The philosophy of science is to understand what makes a good hypothesis. What kind of questions are good questions to ask? What does answering them even tell us? What is a scientific question, and what is an unscientific one?

In this book, David tells us why asking good questions and seeking good explanations are not just central to science, but to the enlightenment way of thinking in general. His central contribution, his new ideas, is that good explanations have 'reach' and are 'hard to vary'. I think these two features of explanatory power are more precise and complete than prior ones such as 'falsifiability' or parsimony. This little bit, although it could have been conveyed on its own in a little pamphlet, is so valuable that this book is a must-read for the Science of Philosophy and a 5-star book just for having it.
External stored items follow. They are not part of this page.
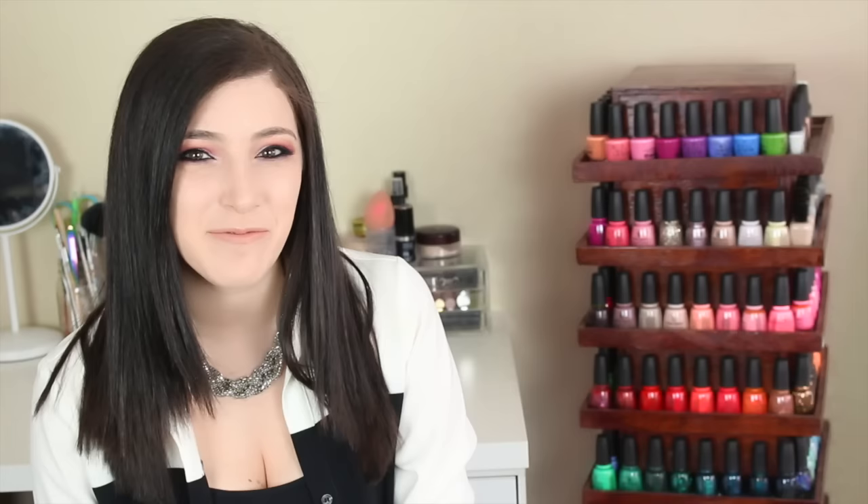And that's it for this video. I hope you guys found it helpful. Please let me know if you have any questions or suggestions for videos you want to see. Give this video a big thumbs up if you liked it and make sure you subscribe for more nail art. I'll see you guys later.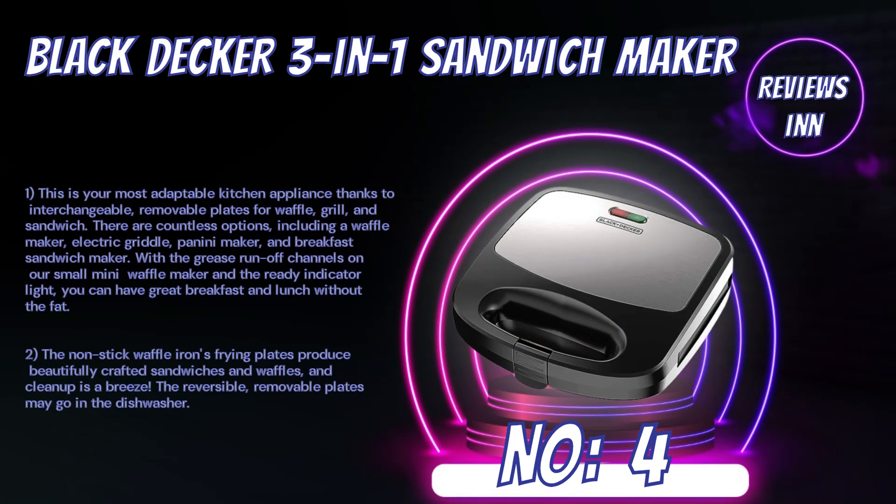Number 4: Black+Decker 3-in-1 Sandwich Maker. This is your most adaptable kitchen appliance thanks to interchangeable, removable plates for waffle, grill, and sandwich. There are countless options, including a waffle maker, electric griddle, panini maker, and breakfast sandwich maker.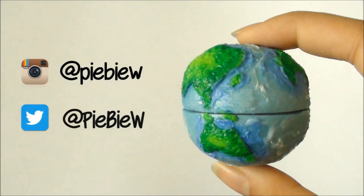Check out my social medias, and if you guys made anything from my tutorials, feel free to use hashtag piebyw for me to see your creations. Bye!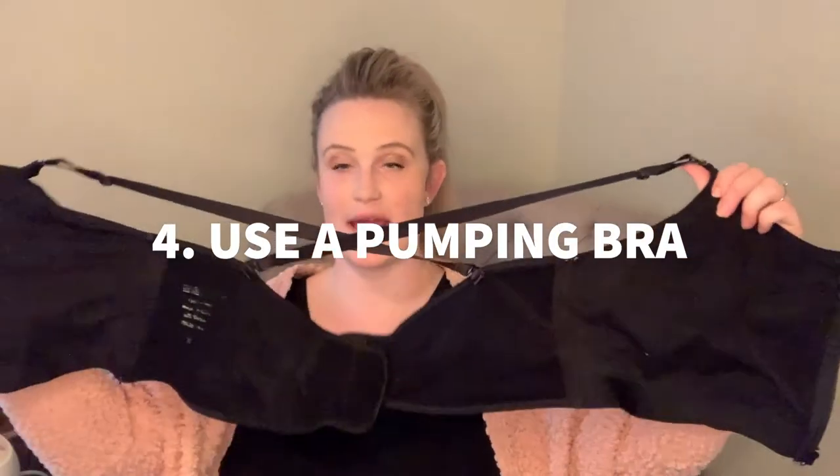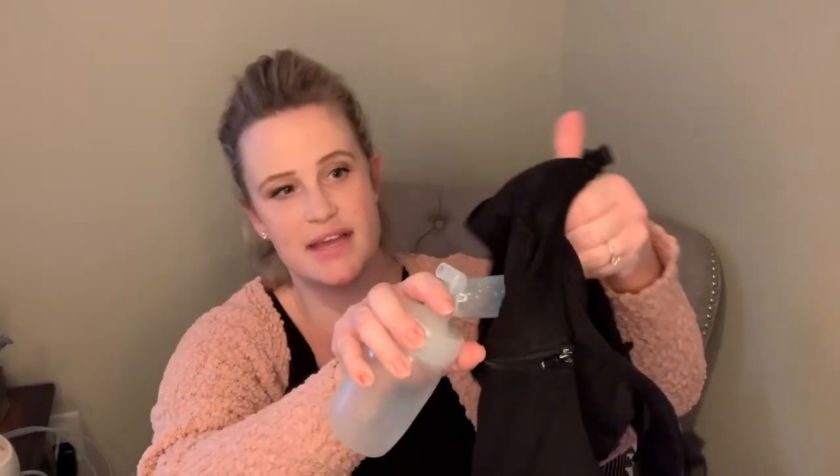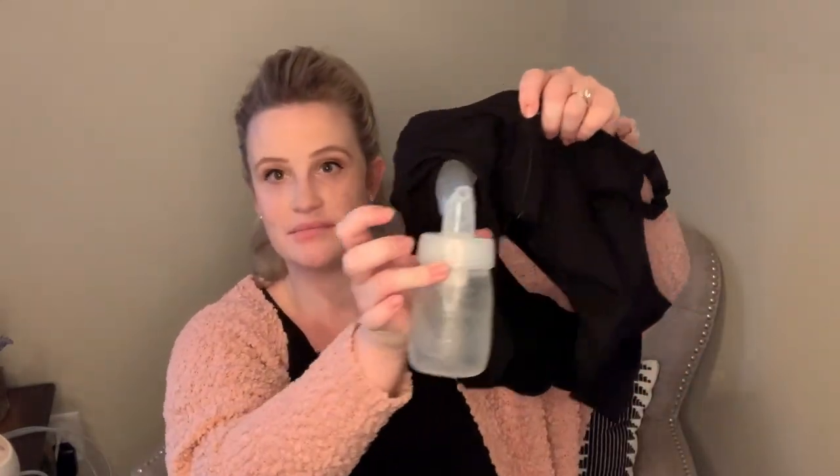Something I'd definitely invest in is a hands-free pumping bra. It has straps and zips up the front, with a hole where you stick your pumping parts through so it holds everything in place. This is awesome because you can have your hands free to take care of your baby, work on your laptop, or whatever you need to do instead of just sitting there holding your pump. I invested in one quickly when I started and it made a huge difference.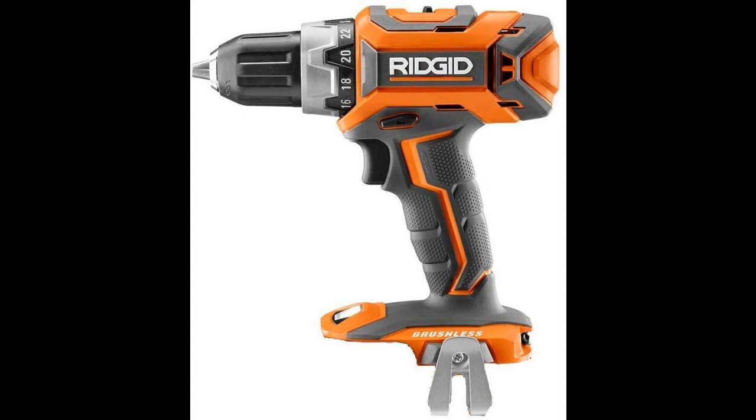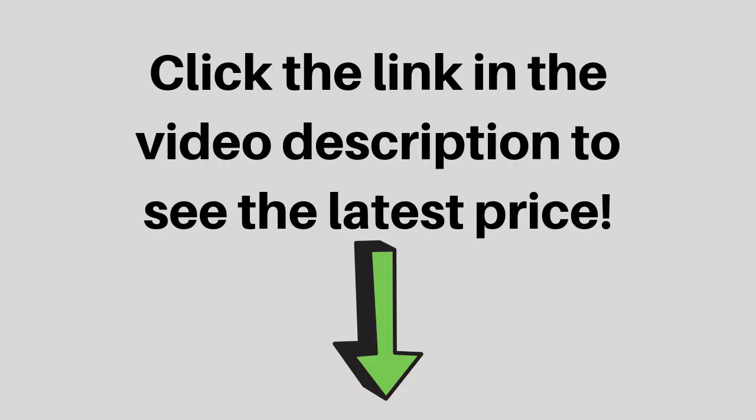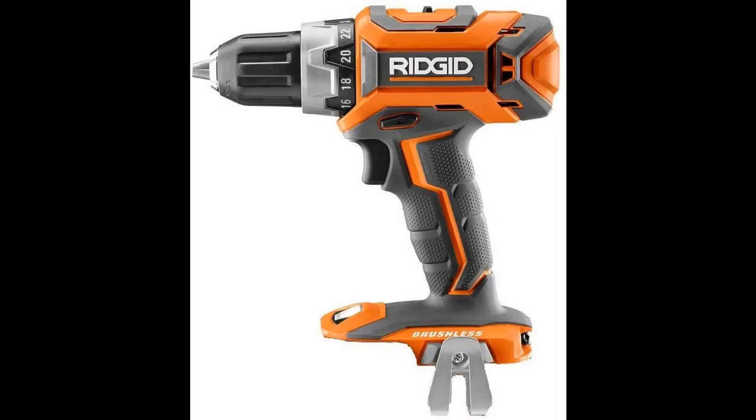Ridgid introduces the Gen 5X brushless 18-volt drill driver. This new and improved drill features the power to tackle any job site task. Click the link in the video description to see the latest price. Ridgid brushless motors offer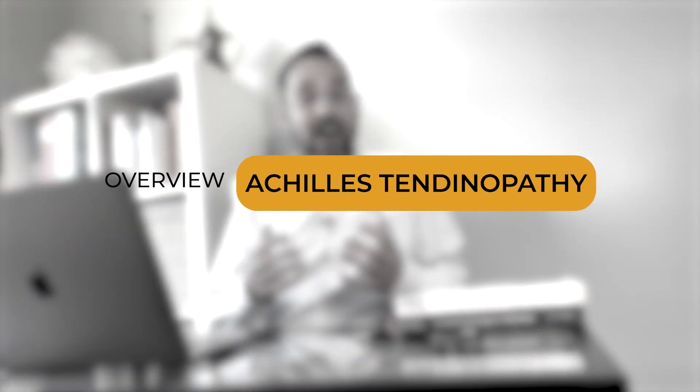Hey everyone, welcome back to Clinical Physio. I'm Khalid Maidan and today I'm going to be talking to you about one of the most common conditions that you'll see in your musculoskeletal physiotherapy career, which is an Achilles tendinopathy. I'm going to be talking about what the Achilles tendon is, some of the key signs your patient may have, and of course, some of the key ways that you can help them in your practice.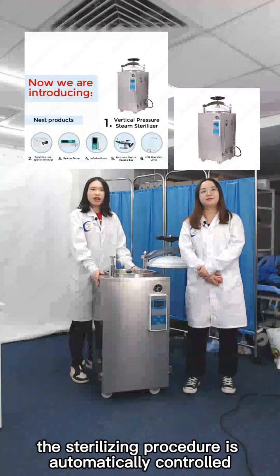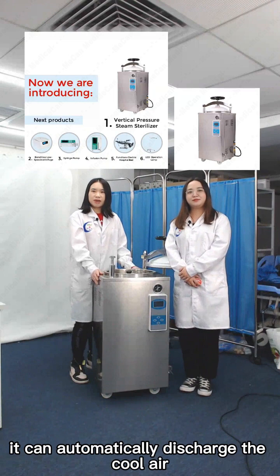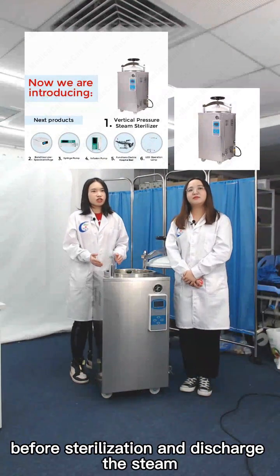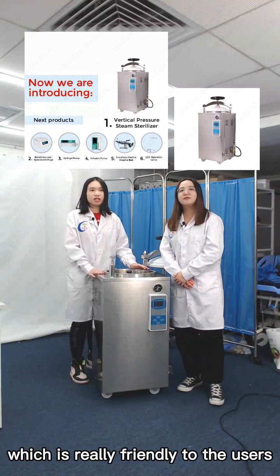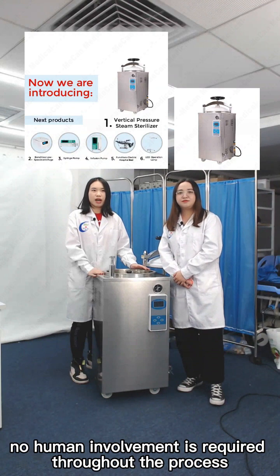For this model, the sterilizing procedure is automatically controlled. It can automatically discharge the cold air before sterilization and discharge the steam after sterilization, which is really friendly to users. No human involvement is required throughout the process.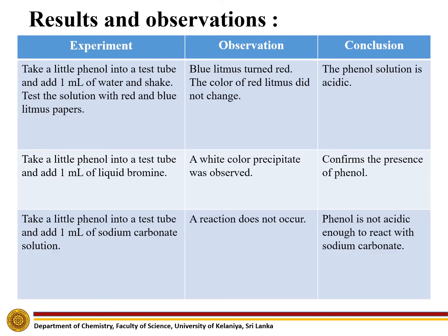The results and the observations obtained are shown in this table.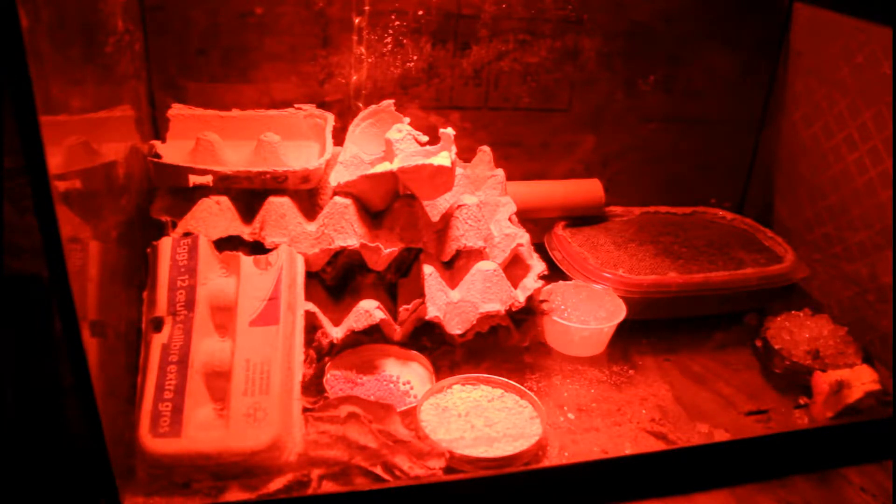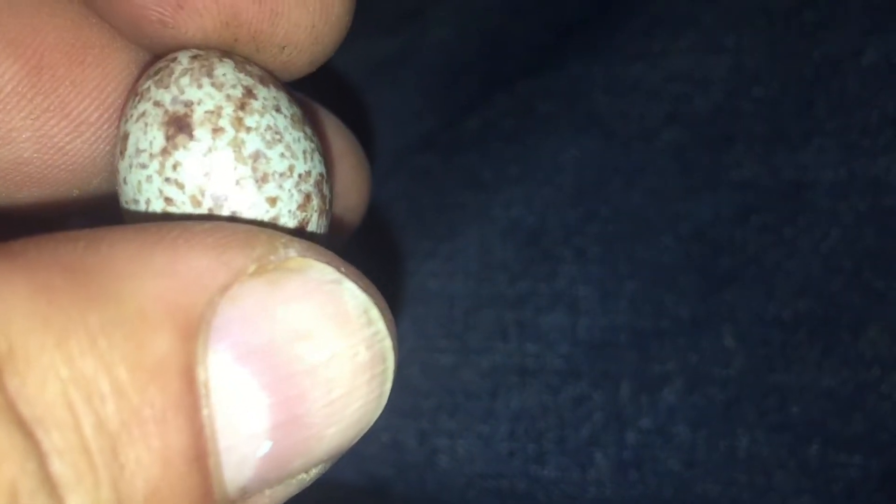This year we ended up getting a bearded dragon for my oldest daughter, and we also have baby Sarah the house sparrow. As you can see down here, I have food pellets — it's just Flukers buffet blend for juvenile bearded dragon. And then here I have some oats.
The other great moment in this book is the chapter on a fungible multiverse. That, too, could have made a great little book on its own.

From there, David goes on to discuss the implications of good explanations, and how the 'good explanations' metaphor can describe other forms of information, such as DNA in people. He also puts forth the idea that rules of explanation, on their own, do not arrive us at progress. He talks about how a consistent earnest drive to prove oneself wrong and come up with an even better explanation is what leads us on. We should assume that progress may be infinite, and that our present explanations are therefore infinitely wrong. We should always look for improvement in every explanation, although that will become harder and harder to do. The best explanations will have been improved so much that they have near infinite reach. That is the goal.

As a writer, I find David to be too clinical, humorless, and dry. It is like listening to Data from Star Trek teach you science. If you listen to the audio book read by someone who sounds like Data from Star Trek, that sensation is very strong. At the same time, we can trust Data to always tell us the best answer he knows, and be upfront about what can be known and what cannot be known and what we know now. David does this too. I learned a lot from this book, but it was hard reading. His writing is very clear and does not use excessively difficult words, but he does seem to wander far and wide and sounds too much like wikipedia. I also didn't quite catch on the spirit of his 'infinity' theme that was supposed to be inspiring. It's fun, but I am not sure I am inspired by it. I never appreciate when expert authors start trying to teach you subjects they aren't expert on, especially when they aren't really necessary to the core idea. David wanders off his own turf a lot.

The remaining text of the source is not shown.